GCP dataproc - HDFS gets deleted automatically when you terminate the dataproc cluster. How to make it persistent HDFS even if you delete the dataproc cluster it should not delete the HDFS? Is it possible?
GCP |Dataproc|How to create a persistent HDFS volumn means even if you delete the dataproc cluster it should not delete the HDFS? Is it possible?
1.1k Views Asked by Devender Prakash At
3
There are 3 best solutions below
1

when you are creating a dataproc cluster in GCP , it uses the Hadoop Distributed File System (HDFS) for storage.
According to your Statement when you are terminating a dataproc cluster you HDFS gets automatically deleted , this happens if you are using VM Disks.
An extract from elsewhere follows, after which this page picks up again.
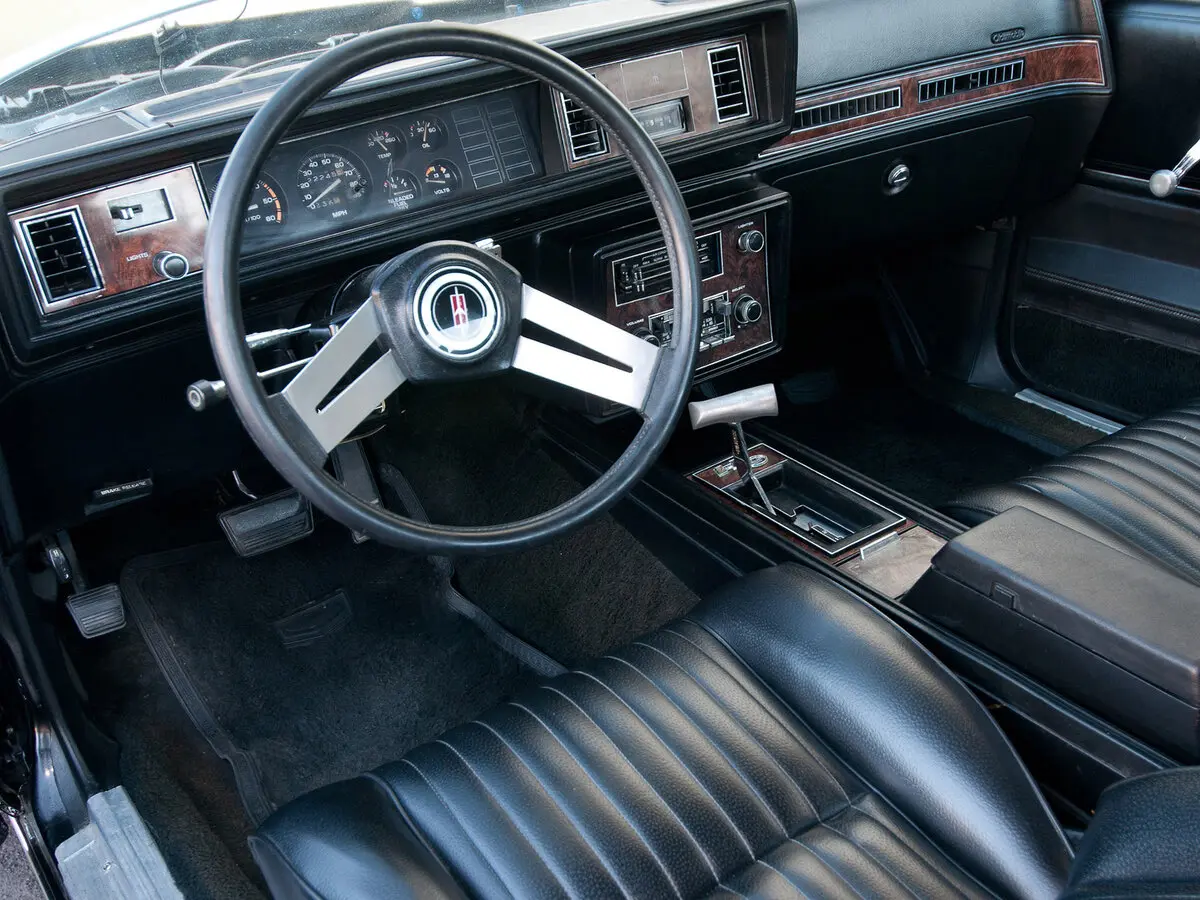 Oldsmobile Cutlass V Купе Calais — photo 4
HDFS data and intermediate shuffle data is stored on VM boot disks, which are Persistent Disks if no Local SSD are Provided.
If Local SSD are Attached HDFS will stay in SSD and will not get deleted. VM Boot disks are deleted when the cluster is deleted.
you can check this documentation also to avoid loss of HDFS using VM disk in dataproc.
0

- Looking upon the available documentation it looks like persistent HDFS volumes are not available at this time.
- You can look into the Dataproc release notes updates to check update about this feature
- Found a similar scenario of your question What happens to my data when a cluster is shut down from the Google official documentation FAQ with a answer which might help you
- As a best practice google is recommending to utilize GCP as persistent storage layer for Dataproc. Google Cloud Storage connector which will provide you a "Direct data access" to your file stored in Cloud Storage and access them directly.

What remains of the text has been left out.